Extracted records

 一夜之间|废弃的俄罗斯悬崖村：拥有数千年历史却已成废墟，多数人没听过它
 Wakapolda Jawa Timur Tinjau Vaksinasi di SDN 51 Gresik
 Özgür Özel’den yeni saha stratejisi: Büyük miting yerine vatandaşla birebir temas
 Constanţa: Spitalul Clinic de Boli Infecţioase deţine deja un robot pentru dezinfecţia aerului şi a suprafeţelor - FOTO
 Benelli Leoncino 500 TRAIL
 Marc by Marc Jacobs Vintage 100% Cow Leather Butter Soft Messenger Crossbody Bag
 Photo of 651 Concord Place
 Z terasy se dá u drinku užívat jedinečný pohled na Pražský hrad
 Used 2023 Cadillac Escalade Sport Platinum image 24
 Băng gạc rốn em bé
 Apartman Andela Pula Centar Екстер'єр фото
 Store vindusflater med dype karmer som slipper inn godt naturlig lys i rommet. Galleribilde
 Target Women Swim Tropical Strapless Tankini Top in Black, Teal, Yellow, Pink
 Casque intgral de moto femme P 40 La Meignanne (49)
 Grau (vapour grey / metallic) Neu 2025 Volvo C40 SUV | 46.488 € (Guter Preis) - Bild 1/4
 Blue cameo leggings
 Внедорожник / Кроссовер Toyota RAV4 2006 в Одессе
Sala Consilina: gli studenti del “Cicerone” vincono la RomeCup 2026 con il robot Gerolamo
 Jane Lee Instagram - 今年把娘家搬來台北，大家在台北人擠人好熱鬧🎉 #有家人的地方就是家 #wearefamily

### TASK TO CARRY OUT
The records shown above are to be retyped exactly, with none omitted.

### SOLUTION
 一夜之间|废弃的俄罗斯悬崖村：拥有数千年历史却已成废墟，多数人没听过它
 Wakapolda Jawa Timur Tinjau Vaksinasi di SDN 51 Gresik
 Özgür Özel’den yeni saha stratejisi: Büyük miting yerine vatandaşla birebir temas
 Constanţa: Spitalul Clinic de Boli Infecţioase deţine deja un robot pentru dezinfecţia aerului şi a suprafeţelor - FOTO
 Benelli Leoncino 500 TRAIL
 Marc by Marc Jacobs Vintage 100% Cow Leather Butter Soft Messenger Crossbody Bag
 Photo of 651 Concord Place
 Z terasy se dá u drinku užívat jedinečný pohled na Pražský hrad
 Used 2023 Cadillac Escalade Sport Platinum image 24
 Băng gạc rốn em bé
 Apartman Andela Pula Centar Екстер'єр фото
 Store vindusflater med dype karmer som slipper inn godt naturlig lys i rommet. Galleribilde
 Target Women Swim Tropical Strapless Tankini Top in Black, Teal, Yellow, Pink
 Casque intgral de moto femme P 40 La Meignanne (49)
 Grau (vapour grey / metallic) Neu 2025 Volvo C40 SUV | 46.488 € (Guter Preis) - Bild 1/4
 Blue cameo leggings
 Внедорожник / Кроссовер Toyota RAV4 2006 в Одессе
Sala Consilina: gli studenti del “Cicerone” vincono la RomeCup 2026 con il robot Gerolamo
 Jane Lee Instagram - 今年把娘家搬來台北，大家在台北人擠人好熱鬧🎉 #有家人的地方就是家 #wearefamily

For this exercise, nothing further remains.